Orbitopal fixing for the full (sub)-orbitope and application to the Unit Commitment Problem

TL;DR

This paper extends orbitopal fixing to the full orbitope, enabling symmetry breaking in binary matrix ILPs, and demonstrates its effectiveness on the Unit Commitment Problem through a new linear-time algorithm and dynamic variant.

Contribution

It introduces a novel extension of orbitopal fixing to the full orbitope, including handling sub-symmetries and a dynamic algorithm for branch-and-bound.

Findings

The extended orbitopal fixing effectively reduces symmetry in ILPs.

The dynamic algorithm improves search efficiency during B&B.

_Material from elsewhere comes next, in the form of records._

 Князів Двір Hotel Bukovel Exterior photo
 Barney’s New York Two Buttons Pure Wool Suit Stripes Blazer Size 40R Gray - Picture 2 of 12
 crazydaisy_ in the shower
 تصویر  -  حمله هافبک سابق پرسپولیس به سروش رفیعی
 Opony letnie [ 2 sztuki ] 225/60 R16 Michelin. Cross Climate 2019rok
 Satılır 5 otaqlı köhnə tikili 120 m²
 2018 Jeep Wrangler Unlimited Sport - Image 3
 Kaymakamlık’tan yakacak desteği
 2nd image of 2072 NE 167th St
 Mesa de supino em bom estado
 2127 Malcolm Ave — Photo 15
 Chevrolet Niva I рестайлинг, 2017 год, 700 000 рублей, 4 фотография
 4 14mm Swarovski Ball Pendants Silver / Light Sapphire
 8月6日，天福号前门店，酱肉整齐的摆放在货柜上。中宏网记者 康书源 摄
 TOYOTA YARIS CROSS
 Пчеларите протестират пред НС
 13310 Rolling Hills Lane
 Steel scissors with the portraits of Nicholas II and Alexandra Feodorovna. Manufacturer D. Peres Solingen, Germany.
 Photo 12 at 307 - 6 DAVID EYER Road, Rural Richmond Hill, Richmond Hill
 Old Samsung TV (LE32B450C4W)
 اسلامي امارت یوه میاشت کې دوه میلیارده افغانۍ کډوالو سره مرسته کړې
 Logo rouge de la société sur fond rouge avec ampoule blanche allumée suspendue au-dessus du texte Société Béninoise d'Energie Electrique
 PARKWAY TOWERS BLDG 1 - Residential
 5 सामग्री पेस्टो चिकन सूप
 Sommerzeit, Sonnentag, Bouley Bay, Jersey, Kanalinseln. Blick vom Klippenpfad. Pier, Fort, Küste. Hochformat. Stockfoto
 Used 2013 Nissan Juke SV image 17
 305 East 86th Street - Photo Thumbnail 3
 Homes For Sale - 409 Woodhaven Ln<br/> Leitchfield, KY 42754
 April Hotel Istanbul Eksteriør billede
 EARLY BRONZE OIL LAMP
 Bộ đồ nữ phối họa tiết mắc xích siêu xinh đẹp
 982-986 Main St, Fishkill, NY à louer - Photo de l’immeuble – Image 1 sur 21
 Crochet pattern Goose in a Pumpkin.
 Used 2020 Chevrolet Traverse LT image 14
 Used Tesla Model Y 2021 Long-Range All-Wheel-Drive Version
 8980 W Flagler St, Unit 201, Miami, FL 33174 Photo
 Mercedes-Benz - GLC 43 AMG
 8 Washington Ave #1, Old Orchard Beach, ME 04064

Experimental results outperform state-of-the-art methods on the Unit Commitment Problem.

Abstract

This paper focuses on integer linear programs where solutions are binary matrices, and the corresponding symmetry group is the set of all column permutations. Orbitopal fixing, as introduced by Kaibel et al., is a technique designed to break symmetries in the special case of partitioning (resp. packing) formulations involving matrices with exactly (resp. at most) one 1-entry in each row.The main result of this paper is to extend orbitopal fixing to the full orbitope, defined as the convex hull of binary matrices with lexicographically nonincreasing columns.We determine all the variables whose values are fixed in the intersection of an hypercube face with the full orbitope.Sub-symmetries arising in a given subset of matrices are also considered, thus leading to define the full sub-orbitope in the case of the sub-symmetric group.We propose a linear time orbitopal fixing algorithm handling both symmetries and sub-symmetries.We introduce a dynamic variant of this algorithm where the lexicographical order follows the branching decisions occurring alongthe B&B search. Experimental results for the Unit Commitment Problem are presented. A comparison with state-of-the-art techniques is considered to show the effectiveness of the proposed variants of the algorithm.